Boosting security of buildings an ongoing exercise, industry professionals say

Boosting security of buildings an ongoing exercise, industry professionals say
The Nightingale T025 drone has an operational radius of 4km, and can fly non-stop for 30 minutes to carry out surveillance, before returning to its base station to recharge for the next 45 minutes. It is one of the gadgets on exhibition at The Architecture and Building Services 2017 Series. Photo: Valerie Koh/TODAY
Published: 11:25 PM, October 4, 2017
Updated: 12:30 AM, October 5, 2017

SINGAPORE — Facility management and security professionals are aware of the growing concerns over terrorism and have already been taking steps to enhance building security standards over the years. These include putting in place surveillance systems, keeping a record of visitors and conducting regular drills.

Members of the building and facilities management industries made these points on Wednesday (Oct 4) at the 4th International Facility Management Conference, as participants sought to address the challenges facing their industries. The event was held at Marina Bay Sands.

Just this week, Parliament passed a new law to mandate that security features be incorporated into selected buildings as protection against terror threats.

The Infrastructure Protection Bill, passed on Monday, makes it a legal requirement for certain buildings to incorporate security features during construction or renovation, also known as security-by-design. These features could be blast-resistant walls, vehicle barriers, and surveillance cameras.

These buildings will typically be those that house essential services, are iconic, or have high human traffic.

Mr Tony Khoo, president of the International Facility Management Association (Singapore), said that compared to its regional counterparts, Singapore has been progressive in adopting security-by-design.

This is due in part to multi-national corporations (MNCs) introducing security requirements from their home country to Singapore when they set up office here.

Larger facility management companies organise regular terror drills, and practise sealing off a building in the event of a chemical attack, he said.

Speaking at the conference on Wednesday, Mr Desmond Choo, Member of Parliament for Tampines GRC, stressed that security threats and attacks are increasingly becoming the norm. The recent mass shooting in Las Vegas is an example.

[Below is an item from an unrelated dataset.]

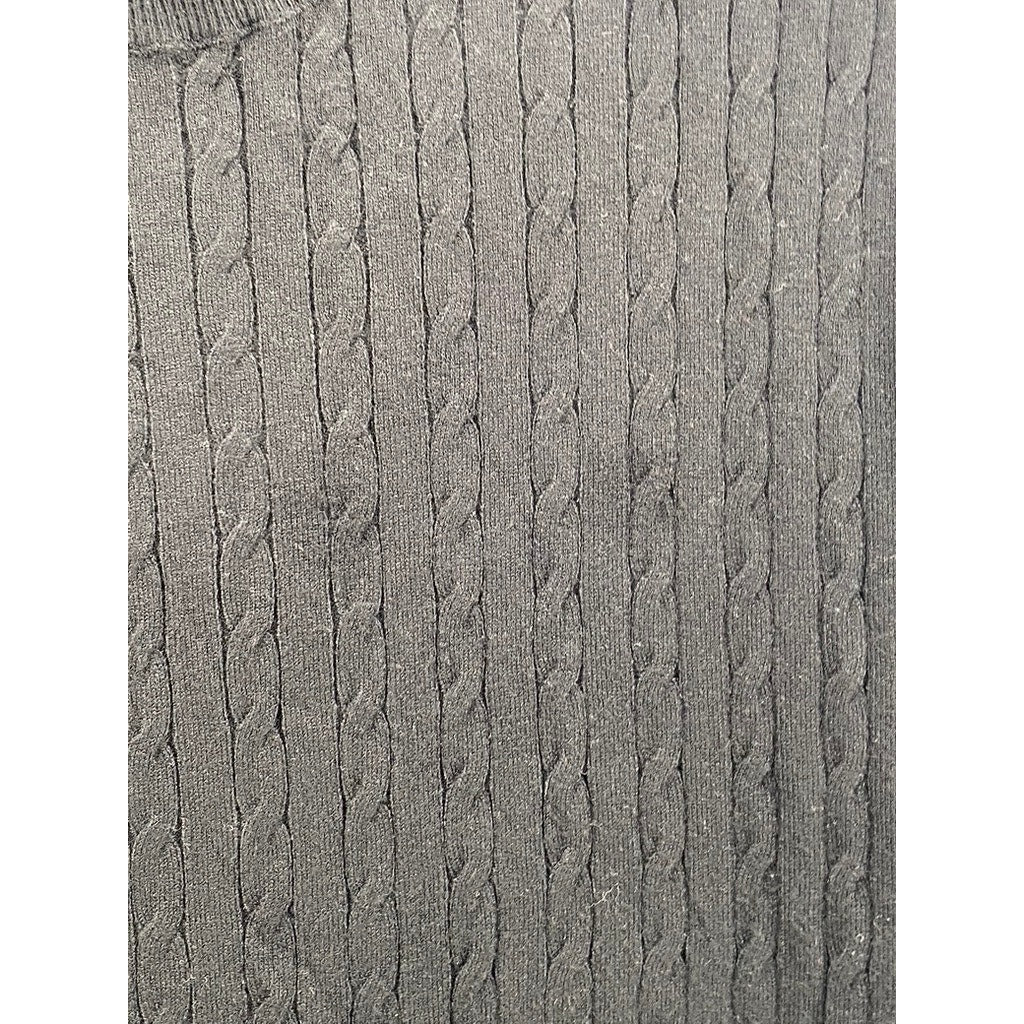 LANDMUSEUM Men's Black Cable Knit Crewneck Short Sleeve Shirt SZ L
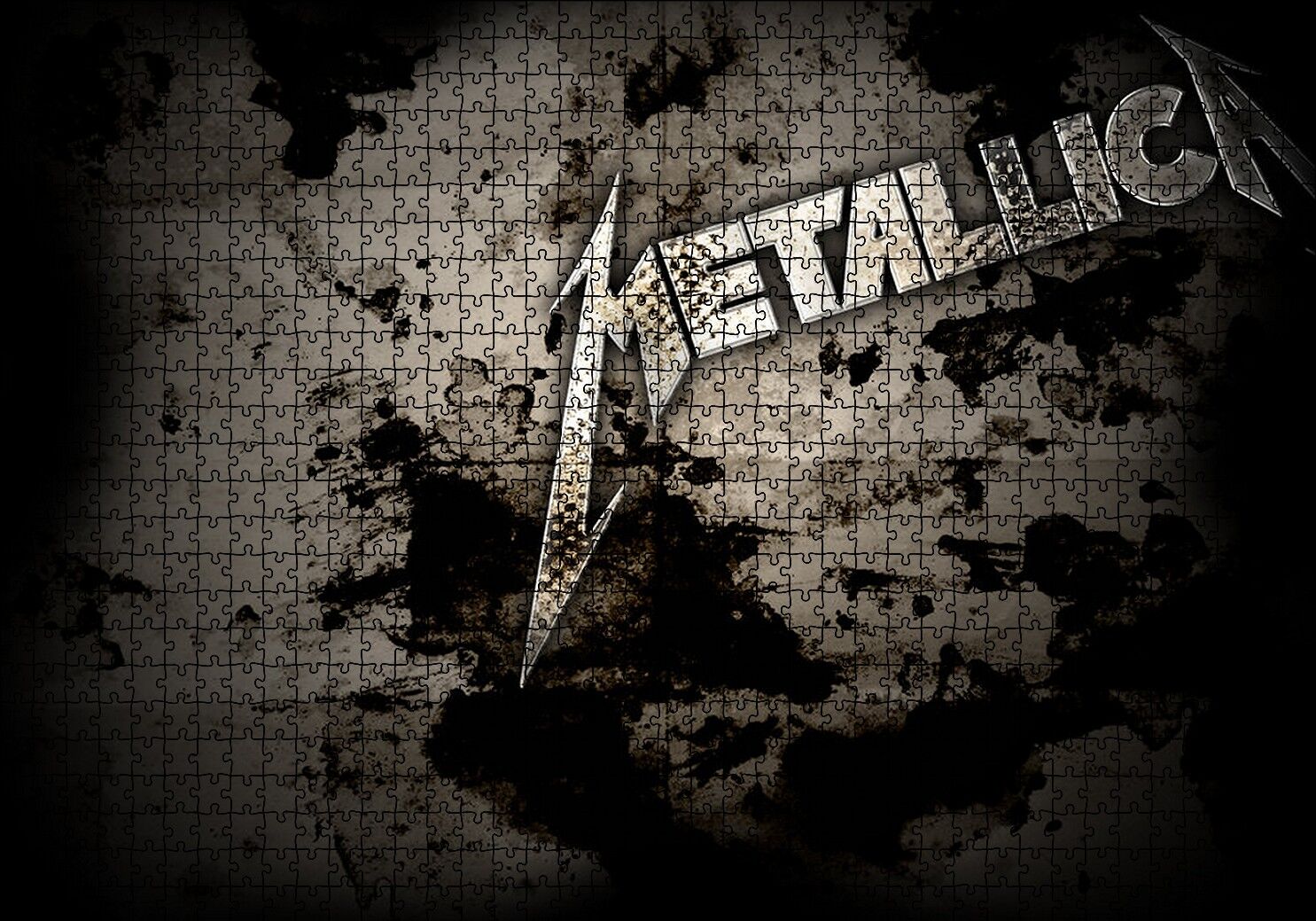 Metallica Efsanevi Yazı Kirli Arka Plan Puzzle Yapboz MDF Ahşap 1000 Parça 49 cm X 68 cm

“There will be greater demands on security by residents and tenants that may stay in the building,” he said. “Designing with security in mind will help to save lives and also reduce longer-term security costs.”



Mr Isaach Choong, managing director of AIP Risk Consulting, a global security and risk consulting services firm, said that the role of facility managers would have to evolve to adapt to changing methods used by terrorists.

Risk and security management has become essential to an organisation, and facility managers running day-to-day operations would play a crucial role in counter-terror strategies, starting with identifying possible targets such as a prominent tenant in the building or a landmark next door, he added.

“Facility managers should not only consider terrorism as a ‘people risk’. The wider impact to reputation, disruption to operations, and financial loss should also be considered,” he said.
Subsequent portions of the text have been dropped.